The public initially supported C-51, with a February poll by Angus Reid finding 82 per cent in favour. But then the opposition piled on — the NDP and Green Party pushed for a major overhaul while Canada's privacy commissioner, the Canadian Bar Association, business leaders and civil liberties groups warned of a lack of oversight. 

In March, thousands of Canadians attended protests across the country and a Forum Research poll in April found 56 per cent of respondents opposed the bill.
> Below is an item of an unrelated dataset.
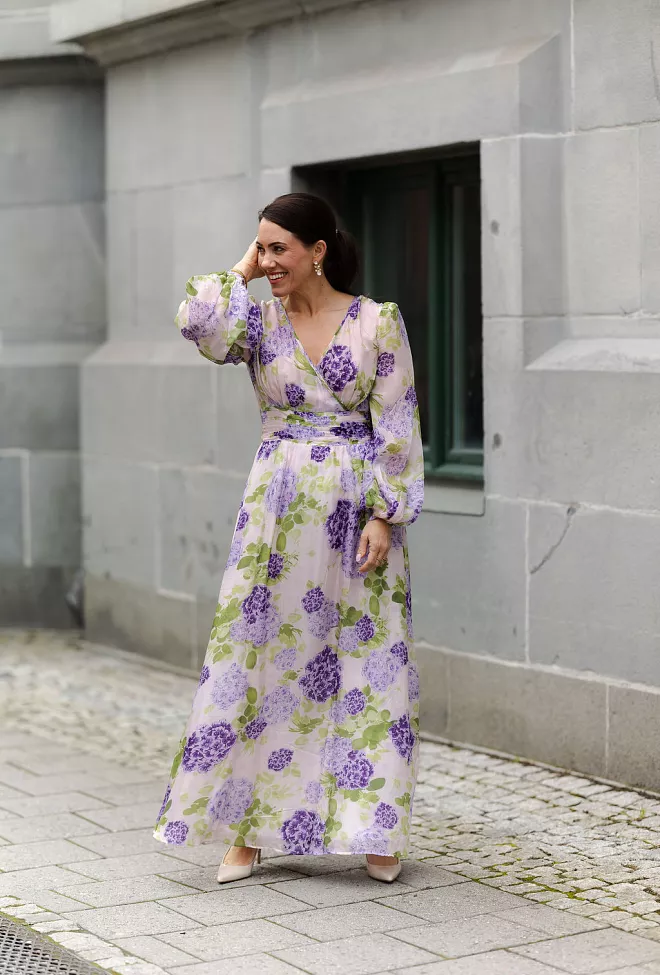 byTiMo Cupro Tieband Gown Purple Flow maxikjole 10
Seventy-seven per cent of Liberal supporters said they were against it, as did three-quarters of Canadians between the ages of 18 and 34. Not coincidentally, the NDP has proven popular with those younger voters, both in  Quebec — where the party won 58 of 75 seats in 2011 — and in Alberta. 

'The days are gone of party loyalty, that people can't move' - Lorne Bozinoff, Forum Research

Trudeau indicated in March that his position on Bill C-51 was meant to counter potential Tory claims about his stance on terrorism, and said he would amend parts of the law should the Liberals win power.

According to a Huffington Post report, Trudeau told UBC students that he hoped the Conservative government, "realizes from public pressure that it is going to have to make significant amendments to this bill. But we know that, tactically, this government would be perfectly happy if the opposition completely voted against this bill because it fits into their fear narrative and [their desire to] … bash people on security."

"I do not want this government making political hay out of an issue … or trying to, out of an issue as important as security for Canadians," Trudeau added. "This conversation might be different if we weren't months from an election campaign, but we are."

On Wednesday, the Liberal party joined the Conservatives to pass the bill by a margin of 183 to 96, with the NDP and Green Party opposing. 

"There could be some migration from the Liberals to the NDP with this," says Lorne Bozinoff, president of Forum Research. "The days are gone of party loyalty, that people can't move."

Despite that, political pundits warn against giving the C-51 anger or Alberta results too much weight in the upcoming federal election, expected in October. Some say the opposition is coming mostly from individuals and groups that wouldn't vote Conservative anyway, and that the legislation doesn't matter to the general public.

'The Alberta effect'

"If we don't have any [events] between now and then that are traumatic, this bill won't feature in the election," says Nelson Wiseman, director of the Canadian studies program at the University of Toronto. "There's something to it today, tomorrow, the next day. Two, three months from now, the Alberta effect won't be there as much."

Alberta election 20150505

Alberta NDP Leader Rachel Notley heads to the stage to celebrate her majority victory in the provincial election on May 5, 2015. (Mike Ridewood/Canadian Press)

Jim Lightbody, chair of the department of political science at the University of Alberta, says the NDP's provincial win was a "home-grown populist revolt" that won't necessarily translate into change on a federal level. Albertans, he says, are sophisticated voters who are able to treat federal and provincial matters differently.

"If the vote were held today, we have 34 seats and 33 of them would go Conservative," he says.

If the provincial election holds any lessons for the federal parties in the rest of Canada, he adds, it's that they need to listen to what voters are saying, which outgoing Premier Jim Prentice failed to do. He thinks the Harper government, which resisted making substantial modifications to C-51 despite widespread requests to do so, could find itself in a similar situation.

"If a government doesn't listen and is widely perceived to be untrustworthy, they're going to have trouble," Lightbody says. Bill C-51 is "a trigger or an explanation for why we don't like Conservatives."

Clarifications

  • This story has been updated to provide more detail about what Justin Trudeau said when explaining to UBC students why he was supporting Bill C-51.